L’UE chercherait à protéger au mieux sa propre économie et à empêcher les opérations de contournement en adoptant des mesures ciblées vis-à-vis de pays tiers, comme la Suisse. D’après les calculs de Hans Gersbach, même en cas de tarif américain réduit, la Confédération helvétique pourrait subir des pertes de revenus équivalentes à celles de l’Allemagne, si la guerre commerciale entre les Etats-Unis et l’UE venait à s’intensifier.
Dans les négociations entre Bruxelles et Washington, il reste toutefois un espoir que la raison l’emporte. Et on ignore encore comment Trump compte traiter le secteur pharmaceutique, crucial pour l’économie suisse, et qui bénéficie actuellement d’une exonération tarifaire.
Ce qui est déjà certain, en revanche, c’est que l’industrie suisse classique des machines, des équipements électriques et de la métallurgie va devoir relever d’immenses défis. L’institut Ifo a publié il y a quelques semaines une étude identifiant les Länder allemands les plus exposés à la politique douanière américaine. En tête, le Bade-Wurtemberg, voisin direct de la Suisse. En 2023, 11% des exportations suisses étaient destinées aux régions limitrophes d’Allemagne, d’Italie et de France.
Ces régions sont donc des marchés aussi importants pour l’industrie suisse que la Chine, et presque autant que les Etats-Unis (15%). Le Bade-Wurtemberg occupe une place de choix, absorbant à lui seul deux cinquièmes des exportations helvétiques vers les régions frontalières, comme l’avait rappelé l’an dernier Andrea Wagner, responsable des analyses régionales chez BAK Economics à Bâle.
Ce Land arrive en tête du classement d’exposition établi par l’Ifo, en raison de la forte implantation, aux côtés de l’industrie automobile, du secteur des machines-outils (MEM). Selon Andrea Wagner, un tiers de toutes les exportations industrielles suisses à destination du Bade-Wurtemberg proviennent d’entreprises du secteur MEM (industrie des machines, des équipements électriques et des métaux).
Les entreprises suisses du même secteur y importent aussi, dans les mêmes proportions, des biens intermédiaires, ce qui souligne l’étroite interdépendance établie depuis des décennies entre ces sociétés transfrontalières.
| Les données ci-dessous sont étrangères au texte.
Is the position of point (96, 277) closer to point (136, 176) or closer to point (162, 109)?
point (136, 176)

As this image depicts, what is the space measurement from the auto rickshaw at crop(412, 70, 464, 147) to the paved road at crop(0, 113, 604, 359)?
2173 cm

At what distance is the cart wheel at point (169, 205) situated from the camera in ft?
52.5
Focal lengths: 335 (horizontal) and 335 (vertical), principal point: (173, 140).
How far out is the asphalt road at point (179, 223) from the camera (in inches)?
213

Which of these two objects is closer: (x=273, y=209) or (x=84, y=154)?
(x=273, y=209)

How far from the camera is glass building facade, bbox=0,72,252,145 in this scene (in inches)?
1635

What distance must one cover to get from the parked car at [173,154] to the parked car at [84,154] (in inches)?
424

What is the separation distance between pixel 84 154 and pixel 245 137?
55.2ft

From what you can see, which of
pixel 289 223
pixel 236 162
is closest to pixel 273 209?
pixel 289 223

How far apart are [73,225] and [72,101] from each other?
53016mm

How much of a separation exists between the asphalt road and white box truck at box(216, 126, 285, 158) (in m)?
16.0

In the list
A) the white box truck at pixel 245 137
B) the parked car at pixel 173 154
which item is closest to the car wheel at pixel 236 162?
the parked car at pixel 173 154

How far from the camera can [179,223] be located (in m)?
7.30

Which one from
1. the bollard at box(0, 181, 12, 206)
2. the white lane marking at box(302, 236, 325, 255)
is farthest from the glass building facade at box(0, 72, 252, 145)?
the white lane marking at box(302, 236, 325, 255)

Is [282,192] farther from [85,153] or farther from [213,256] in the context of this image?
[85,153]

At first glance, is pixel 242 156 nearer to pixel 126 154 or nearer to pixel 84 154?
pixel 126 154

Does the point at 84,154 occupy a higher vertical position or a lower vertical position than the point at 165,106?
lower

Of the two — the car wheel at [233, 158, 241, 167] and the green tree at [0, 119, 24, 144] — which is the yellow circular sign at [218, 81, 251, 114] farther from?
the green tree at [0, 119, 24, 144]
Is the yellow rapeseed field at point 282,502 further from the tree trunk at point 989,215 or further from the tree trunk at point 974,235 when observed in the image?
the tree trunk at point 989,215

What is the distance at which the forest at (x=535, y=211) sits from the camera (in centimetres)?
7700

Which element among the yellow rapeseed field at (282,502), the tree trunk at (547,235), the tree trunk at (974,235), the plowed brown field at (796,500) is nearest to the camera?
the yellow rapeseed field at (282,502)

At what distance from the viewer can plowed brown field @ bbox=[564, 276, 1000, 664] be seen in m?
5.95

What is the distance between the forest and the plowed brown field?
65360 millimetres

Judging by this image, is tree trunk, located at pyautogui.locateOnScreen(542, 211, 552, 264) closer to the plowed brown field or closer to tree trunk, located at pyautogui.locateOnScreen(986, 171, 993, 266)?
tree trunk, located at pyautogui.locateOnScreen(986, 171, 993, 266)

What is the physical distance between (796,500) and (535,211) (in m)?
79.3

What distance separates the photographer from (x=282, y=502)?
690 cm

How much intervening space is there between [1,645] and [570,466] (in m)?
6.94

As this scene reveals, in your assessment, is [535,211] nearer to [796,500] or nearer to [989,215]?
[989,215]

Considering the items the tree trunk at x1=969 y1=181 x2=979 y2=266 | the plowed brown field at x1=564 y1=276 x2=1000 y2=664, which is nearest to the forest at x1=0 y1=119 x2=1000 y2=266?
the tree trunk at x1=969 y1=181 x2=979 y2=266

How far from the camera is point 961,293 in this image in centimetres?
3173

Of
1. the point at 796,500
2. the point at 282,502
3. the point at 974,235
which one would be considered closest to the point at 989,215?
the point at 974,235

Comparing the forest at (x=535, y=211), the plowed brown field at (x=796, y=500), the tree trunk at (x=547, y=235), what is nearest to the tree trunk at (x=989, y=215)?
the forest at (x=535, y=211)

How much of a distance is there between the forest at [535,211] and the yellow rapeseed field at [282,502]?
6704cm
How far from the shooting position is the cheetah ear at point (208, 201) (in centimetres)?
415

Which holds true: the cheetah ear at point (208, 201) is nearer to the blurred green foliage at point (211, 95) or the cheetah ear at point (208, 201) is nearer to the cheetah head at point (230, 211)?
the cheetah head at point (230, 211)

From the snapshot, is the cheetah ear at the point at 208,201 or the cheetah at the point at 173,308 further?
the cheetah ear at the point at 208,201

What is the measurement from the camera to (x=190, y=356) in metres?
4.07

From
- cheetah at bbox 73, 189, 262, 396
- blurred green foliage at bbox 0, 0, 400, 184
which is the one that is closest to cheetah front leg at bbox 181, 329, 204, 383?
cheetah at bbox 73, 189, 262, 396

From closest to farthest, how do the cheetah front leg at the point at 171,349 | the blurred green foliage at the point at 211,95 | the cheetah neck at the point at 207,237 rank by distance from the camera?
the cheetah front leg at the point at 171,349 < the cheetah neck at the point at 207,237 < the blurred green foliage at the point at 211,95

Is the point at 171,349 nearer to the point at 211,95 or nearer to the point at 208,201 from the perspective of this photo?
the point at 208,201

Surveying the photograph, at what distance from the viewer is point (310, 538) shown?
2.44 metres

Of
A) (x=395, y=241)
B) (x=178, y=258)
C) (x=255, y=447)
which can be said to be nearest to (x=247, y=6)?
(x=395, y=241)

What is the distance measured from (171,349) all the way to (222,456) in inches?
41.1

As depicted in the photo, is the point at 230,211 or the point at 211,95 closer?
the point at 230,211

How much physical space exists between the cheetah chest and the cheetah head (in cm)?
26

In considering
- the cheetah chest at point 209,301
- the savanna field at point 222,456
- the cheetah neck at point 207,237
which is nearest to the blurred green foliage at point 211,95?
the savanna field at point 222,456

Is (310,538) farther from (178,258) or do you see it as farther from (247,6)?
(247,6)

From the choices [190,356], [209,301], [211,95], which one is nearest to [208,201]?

Des relations commerciales similaires, bien que plus modestes, existent aussi avec la Bavière et la Lombardie.
Jean-Philippe Kohl, vice-directeur de l’organisation faîtière de l’industrie Swissmem, déclare:
Les répercussions attendues de la politique de Trump sur la croissance économique immédiate et l’emploi en Suisse et dans les régions frontalières sont considérables.
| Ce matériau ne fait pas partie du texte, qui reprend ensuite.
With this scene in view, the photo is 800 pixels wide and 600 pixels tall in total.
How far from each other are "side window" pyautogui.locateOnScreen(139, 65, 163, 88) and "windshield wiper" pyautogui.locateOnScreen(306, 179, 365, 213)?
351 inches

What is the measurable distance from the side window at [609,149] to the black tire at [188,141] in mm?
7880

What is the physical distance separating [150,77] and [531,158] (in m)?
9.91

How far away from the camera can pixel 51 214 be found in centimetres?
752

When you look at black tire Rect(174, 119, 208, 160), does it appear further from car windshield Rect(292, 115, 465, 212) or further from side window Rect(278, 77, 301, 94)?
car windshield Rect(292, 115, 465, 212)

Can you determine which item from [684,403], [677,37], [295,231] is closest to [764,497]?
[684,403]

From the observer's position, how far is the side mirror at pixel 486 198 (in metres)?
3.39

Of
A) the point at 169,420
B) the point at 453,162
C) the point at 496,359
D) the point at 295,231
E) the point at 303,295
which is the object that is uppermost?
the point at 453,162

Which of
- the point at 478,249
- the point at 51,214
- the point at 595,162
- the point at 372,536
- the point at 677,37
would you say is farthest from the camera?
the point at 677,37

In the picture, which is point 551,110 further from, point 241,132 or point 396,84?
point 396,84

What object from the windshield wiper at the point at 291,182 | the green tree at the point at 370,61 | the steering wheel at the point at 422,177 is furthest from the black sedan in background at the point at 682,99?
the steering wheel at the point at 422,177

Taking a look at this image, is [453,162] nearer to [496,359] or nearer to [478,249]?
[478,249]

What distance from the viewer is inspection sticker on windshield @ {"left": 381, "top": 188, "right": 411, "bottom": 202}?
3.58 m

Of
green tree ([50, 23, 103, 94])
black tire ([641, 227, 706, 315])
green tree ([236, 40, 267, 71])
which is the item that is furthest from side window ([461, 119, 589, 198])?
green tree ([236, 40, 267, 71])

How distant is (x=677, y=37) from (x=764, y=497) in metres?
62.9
Mais peut-être plus grave encore à long terme, cette politique menace de saper une division du travail transfrontalier patiemment bâtie au fil des décennies, et qui a donné naissance à de nombreuses entreprises hautement performantes et innovantes, ainsi qu’à une main-d’œuvre technique d’exception. Le secteur MEM en Suisse emploie plus de 300 000 personnes.